18 September 2018: Malcolm Jiyane was drawn to the keyboard from the age of about eight or nine, but it would be a while before he got his hands on one.
Portrait of the artist
Jiyane was a regular at the Freedom Station. In 2015, a few weeks after I watched his solo piano show with the midi controller, I moved into the neighbourhood, a few streets up from the arts hub. I began to watch Jiyane play regularly as he featured in a number of bands that called the Freedom Station home.
Back then, he played regularly with his band, the Malcolm Jiyane Tree-O, as part of Mogorosi’s Project ELO, and as a member of Linda Buthelezi’s GSAND. Jiyane is incredibly loved and respected by his peers, but because he has never released an album as a bandleader, he often remains on the fringes of the spotlight.
Listeners may have heard him on records by Herbie Tsoaeli, Idris Elba, Simphiwe Dana, Project ELO and Nduduzo Makhathini, to name just a few. The reverence Jiyane’s mentors and peers have for him is always self-evident. Steve Kwena Mokwena, the force behind the Freedom Station, says it was the musicians such as Jiyane that made the venue what it was. “What Malcolm does with music is something that people will write about when we are long gone,” he once told me matter of factly.
During one of the many times Jiyani and I have sat down to chat over the past few years, we talked about that 2015 show with the midi controller. He told me that show was an experiment and he was interested in the possibilities that the electronic world offered.
He said the appeal of the midi controller lies in “the beauty of not knowing” what things will look like when they “bloom”, and the beauty of knowing if you plant something and nurture it, it will grow. “It’s the mystery of it, the avant-garde of it,” he said. “The soil is very generous.”

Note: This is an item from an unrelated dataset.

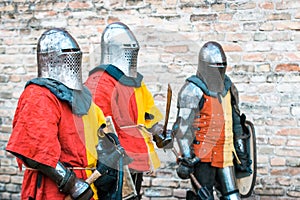 Three medieval knights in armor. In red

Over many subsequent chats with Jiyane, I have come to understand that he loves speaking in metaphors of the earth. “Touching things that make sounds, I am fascinated by it,” he said. “I get to see all those colours.” “Touching a midi controller makes me a rose and touching something else makes me another flower … I see music like nature – you plant and you hope the seed will manifest and grow. If things die, they die, but they will bloom again as long as the earth is fertile. I have learned to accept that creation doesn’t end. That’s how it is – I just die and bloom and die and bloom again.”
Switched on to jazz
Growing up, Jiyane’s musical diet had consisted of gospel music and Radio Ndebele. “My grandmother is very Christian and my great grandfather and grandfather were pastors, so I grew up in church,” he said. “There was a guy who played keyboard at church. He used to play the bass with his left hand and the right hand would do other things on top of the gospel.”
Jiyane said he was drawn to the keyboard from the age of about eight or nine, but it would be a while before he got his hands on one. “I used to be scared to touch it. I knew if I put my hands on that thing, something would happen,” he said.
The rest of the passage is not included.